Wolf-Dieter Heiss, MD

Max-Planck-Institut für neurologische Forschung, Köln, Germany

   With an incidence between 150 and 300/100.000/year and a mortality between 32 and 164/100.000/year ischemic stroke is the leading cause of disability worldwide (Murray and Lopez, 1997) and an enormous burden to economy. Until recently, very little treatment to improve neurologic outcome could be offered and the attitude toward acute ischemic stroke was predominantly nihilistic.

   Despite improved understanding of the mechanisms leading to ischemic cell damage (Siesjö, 1992; Barone and Feuerstein, 1999; Dirnagl et al., 1999; Schulz et al., 1999) the search for agents that effectively prevent damage to the ischemic brain has been discouraging (Grotta, 1994). However, since all further molecular and biochemical alterations contributing to the cascade of ischemic damage are initiated by the disturbance in flow the restoration of sufficient perfusion must be the predominant aim in the treatment of acute ischemic stroke. This concept which was neglected in most studies with neuroprotective agents over many years is supported by the demonstration that in the largest proportion (~ 70 %) of the final infarct flow is critically decreased i.e. below the threshold for maintaining morphological integrity in the first hours after the attack (Heiss et al., 1999).

   Ischemic tissue is only amenable to therapy as long as the lack of blood supply did not lead to morphological destruction and only caused functional impairment.

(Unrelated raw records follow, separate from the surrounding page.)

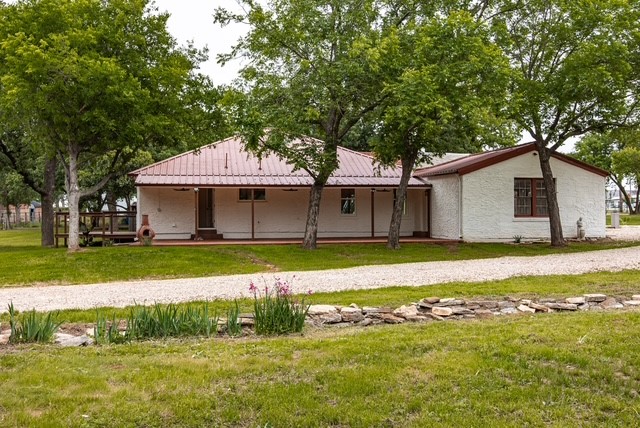 1319 East Fm 4 Cleburne TX 76031
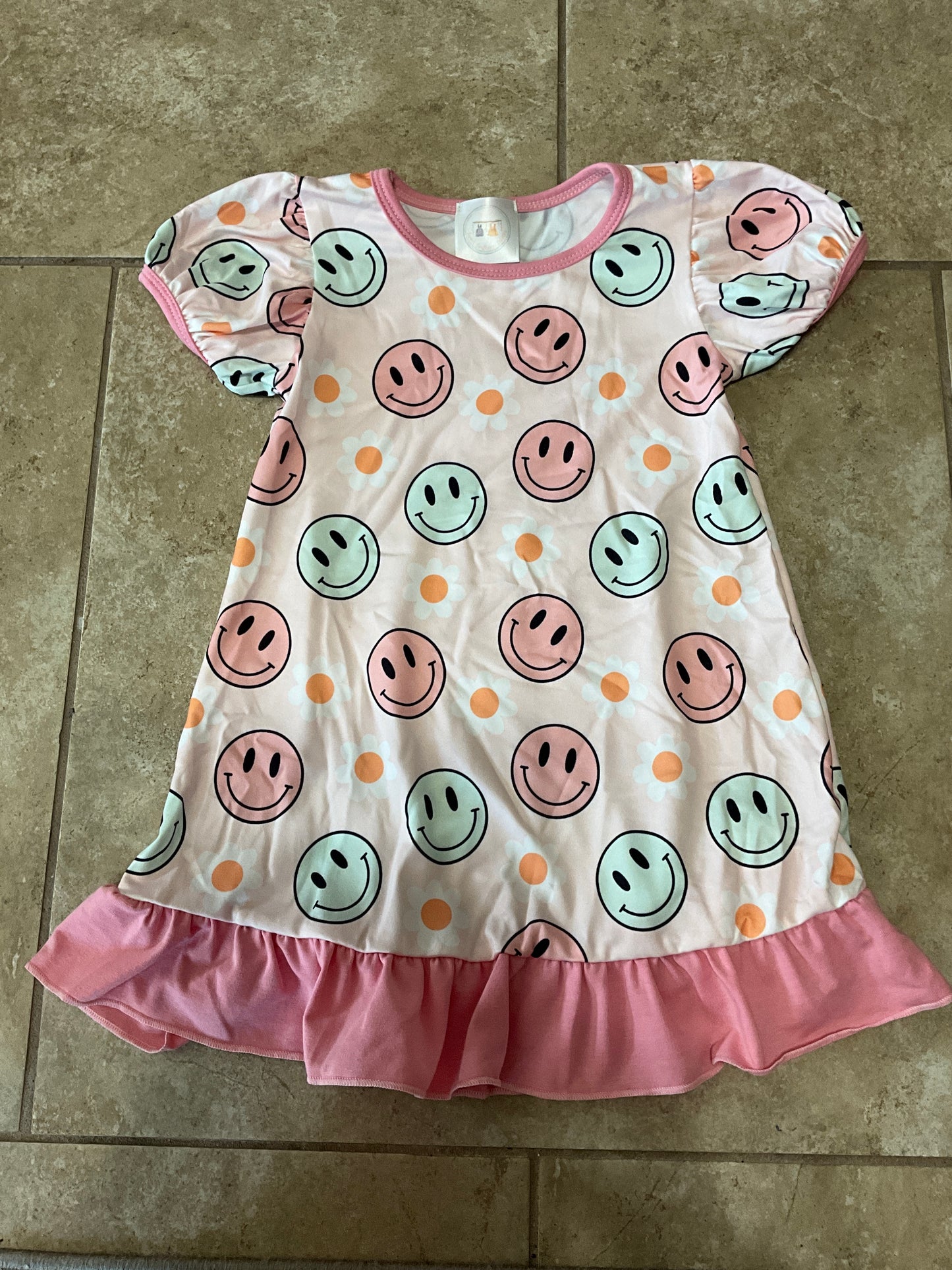 Rts- smiley face nightgown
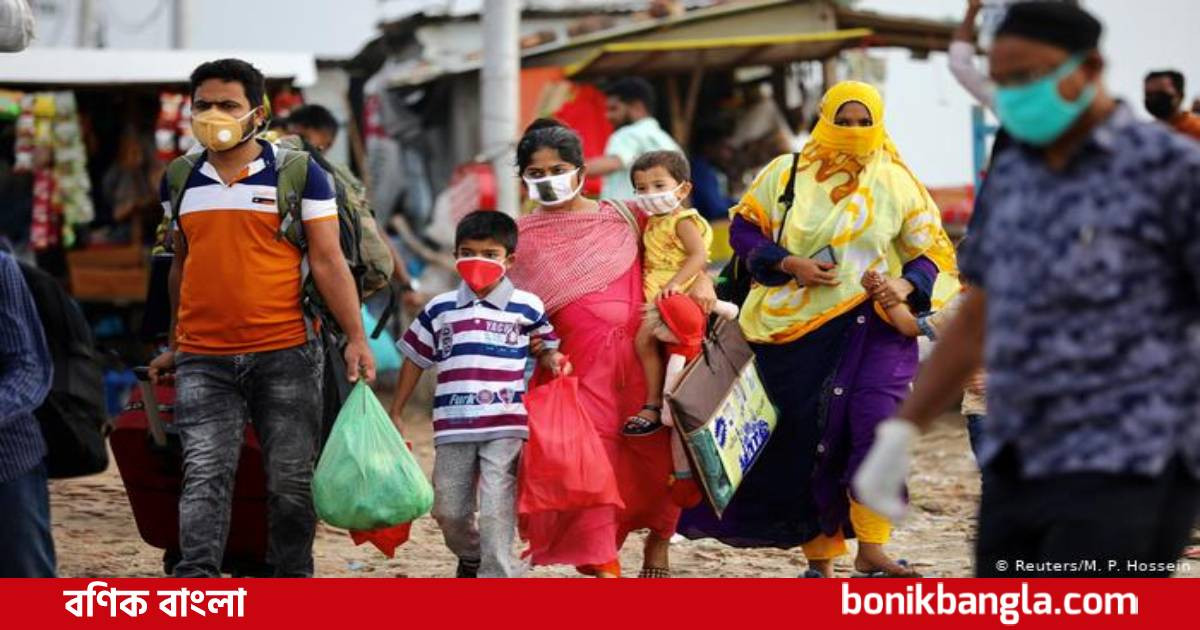 ঢাকায় রোজগার বন্ধ, তাই গ্রামে যাত্রা...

   This tissue, termed penumbra by Astrup et al. (Astrup et al., 1981) is perfused at a level within the thresholds of functional impairment and morphologic integrity and has the capacity to recover if perfusion is improved. The extent of this tissue compartment of penumbra is dependent on residual flow and duration of flow disturbance (review in Heiss and Graf) (Heiss and Graf, 1994) (Figure 1). Its volume is large and involves even the center of ischemia immediately after onset of perfusional disturbance, and it becomes progressively smaller with time elapsed since the vascular attack (Figure 2). This concept as developed in animal experiments defines the penumbra as a dynamic process depending on residual perfusion and duration, with conversion into irreversible neurons propagating over time from the center of ischemia to the neighboring tissue (Figure 3). This concept explains the time window of therapeutic opportunity which is variable and ill-defined: it is very short for the core of ischemia and may extend to several hours in the moderately ischemic surrounding tissue (Figure 2). With functional neuroimaging modalities penumbral tissue can be identified in patients early after ischemic strokes.

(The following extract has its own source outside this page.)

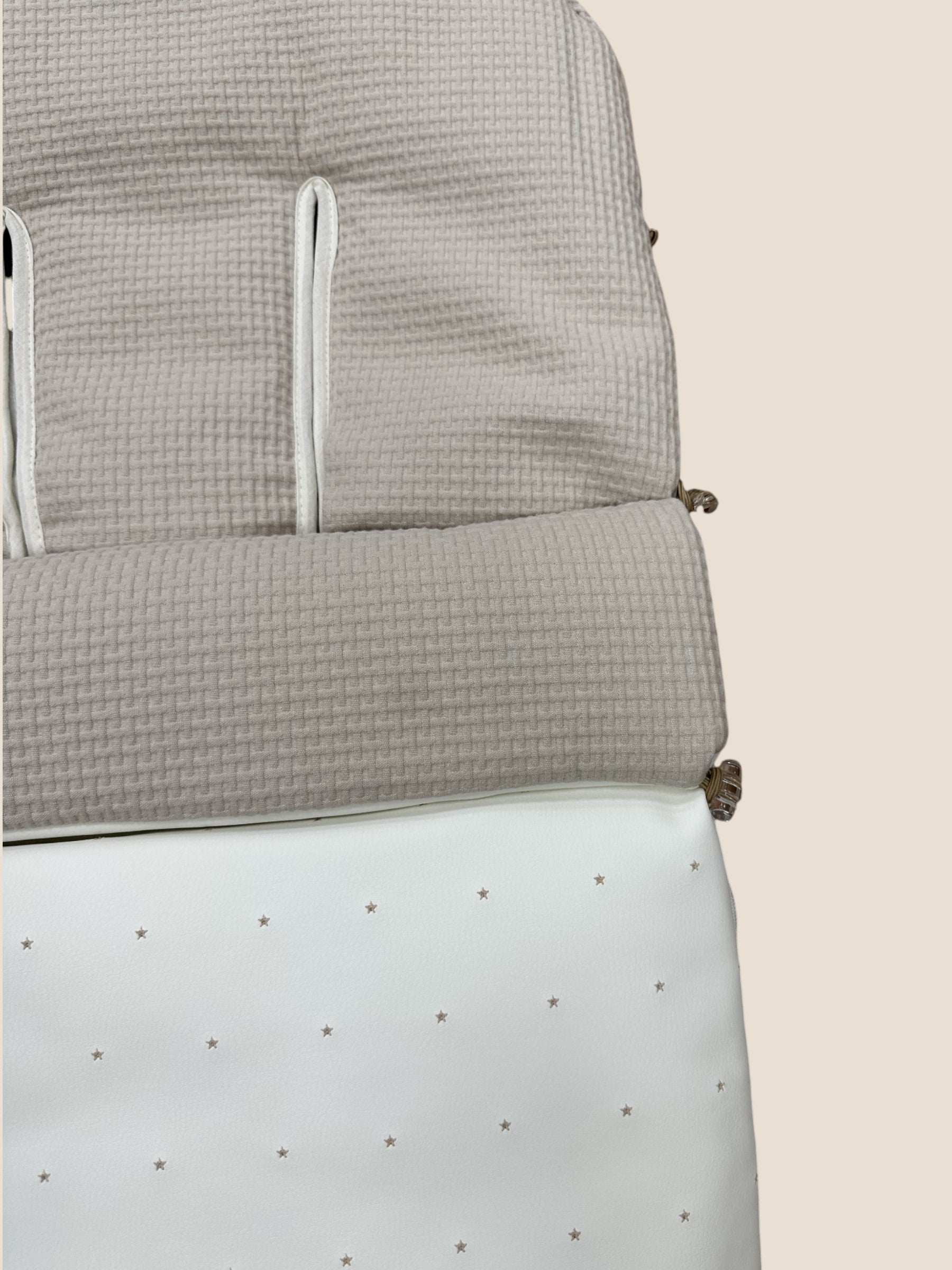 Saco para silla de paseo blanco con estrellas beige y tejido waffle UZTURRE
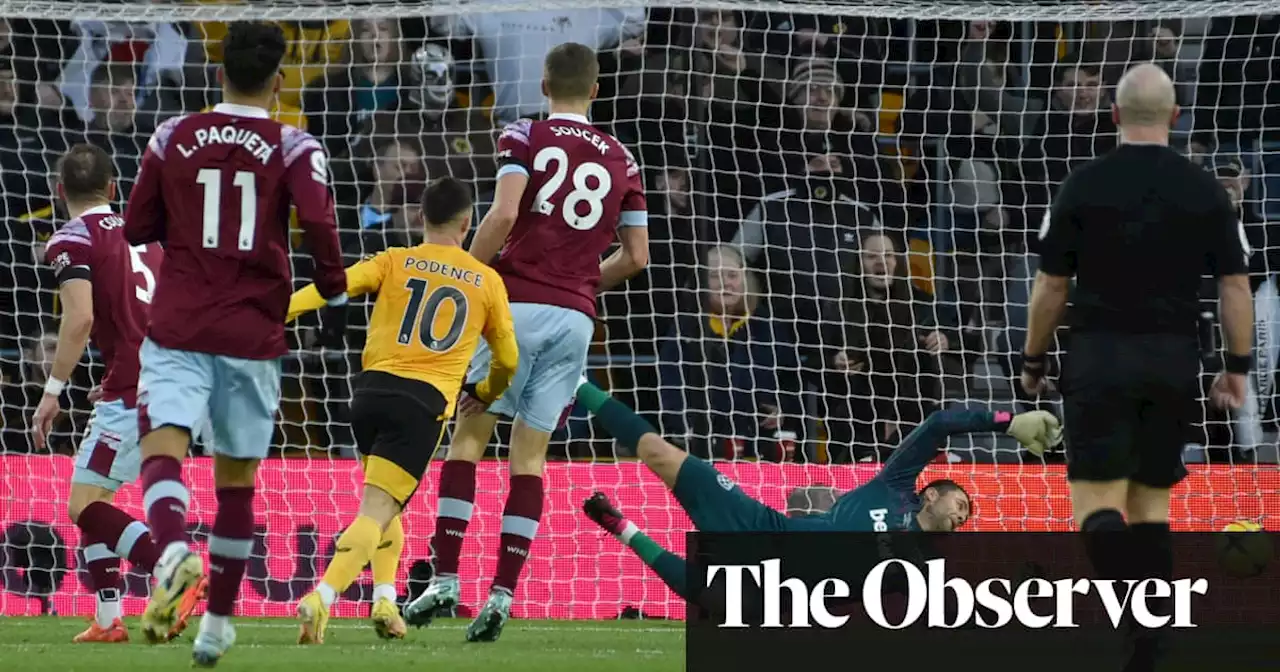 Wolves heap pressure on David Moyes after Podence sinks West Ham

Fig. 1: Diagram of cerebral blood flow (CBF) thresholds required for the preservation of function and morphology of brain tissue. The development of single cell necrosis and infarction is dependent on the duration of time for which CBF is impaired below a certain level. The solid line separates structurally damaged from functionally impaired but morphologically intact tissue (the "penumbra"), and the dashed line distinguishes viable from functionally impaired tissue.

Fig. 2: Diagram of ischemic area distinguishing between dense ischemia in the core and moderate ischemia in the penumbra.

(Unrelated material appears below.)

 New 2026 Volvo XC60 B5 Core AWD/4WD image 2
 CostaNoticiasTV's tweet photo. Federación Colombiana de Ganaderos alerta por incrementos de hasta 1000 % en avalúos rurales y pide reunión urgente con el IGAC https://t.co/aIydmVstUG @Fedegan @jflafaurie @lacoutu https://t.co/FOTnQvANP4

Fig. 3: Reconstructed surface view of left hemispheric oxygen extraction fraction (OEF) in three cats after permanent or transient occlusion of the middle cerebral artery. Increased OEF indicates penumbra tissue, decreased OEF identifies irreversible tissue damage.Centrifugal conversion of penumbra into irreversible damage in permanent occlusion, reperfusion can only reverse penumbra and prevent damage as long as increased OEF indicates tissue viability.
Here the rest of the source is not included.